Armeekommando Group du Lac, Jaquillard, an von Steiger, 2.12.1944
Dickopf wohnte bei Muhidin Daouk in Lausanne. Es liegen "propre indications" vor, wonach Dickopf im Mai resp. Juni 1942 den Befehl erhalten haben soll, er solle sich für eine Spionageoperation in der Schweiz breit halten. Er solle unter dem Namen Peter Dorr in Zürich beim Reisebüro der Deutschen Bahnen seine Operationen durchführen. Sein Komplize Genoud ist der Gruppe sehr wohl als Rechtsextremer bekannt. Genoud reiste während der ersten Hälfte 1942 insgesamt 8 Mal nach Deutschland. "Le 14.4.1942 interpellé à Bâle, à l'occasion d'un de ses franchissements de la frontière, il a été trouvé porteur d'une grande quantité d'or qu'il exportait d'Allemagne." Im Juni 1944 traf er sich mit Dr. Baumeister vom deutschen Nachrichtendienst.

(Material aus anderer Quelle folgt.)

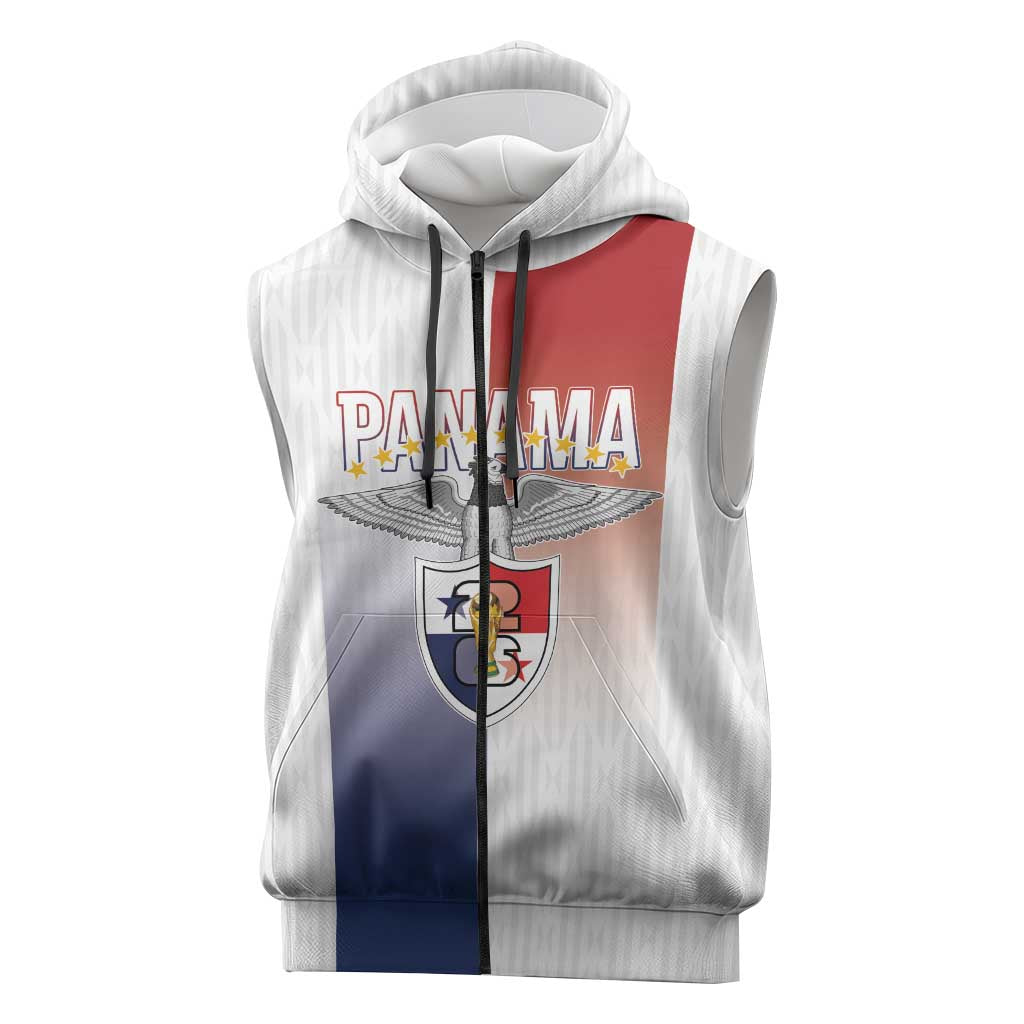 Afro-Panama Football Los Canaleros 2026 Custom Sleeveless Zip Hoodie Rising Glory - Wonder Print Shop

BA (E. Meyer) Aktennotiz, 21.2.1945

Dickopfs Frau wurde vom dt. Kriminalrat wegen dem Verschwinden ihres Mannes bedroht.

Paul C. Blum US Legation Berne, 6.9.1945

Dickopf gab ihm "his wholehearted cooperation". "... Dickopf has been of very great service to me. His wide knwoledge of German organization and personalities has been invaluable; he is a trained member of the Kriminalpolizei and I have drawn extensively upon his experience for information on War Crimes and Criminals".

Dickopf an BA, 16.5.1946

Seine Anwesenheit in der Schweiz dienst dazu, mit Angehörigen der amerikan. Gesandtschaft in Bern Verhandlungen darüber zu führen, welche Schritte zur Behebung der bestehenden Divergenzen zwischen der amerikan. Militärregierung und den zivilen Verwaltungsstellen in Dt. unternommen werden können. Ferner habe er von Gaevernitz den Auftrag erhalten, sich um die Kompensationsgeschäfte zu kümmern, die der Einfuhr von Büchern schweizerischer Provenienz nach Dt. dienen soll. Er bittet daher um eine Verlängerung seiner Aufenthaltserlaubnis.
Sein Antrag wird in Folge bis zum Juni 1946 verlängert.


BA an Eidgen. Polizeiabt., 22.10.1946

Dickopf hat die Schweiz am 13.11.1945 verlassen und arbeitet heute für die amerikan. Besetzungsmacht.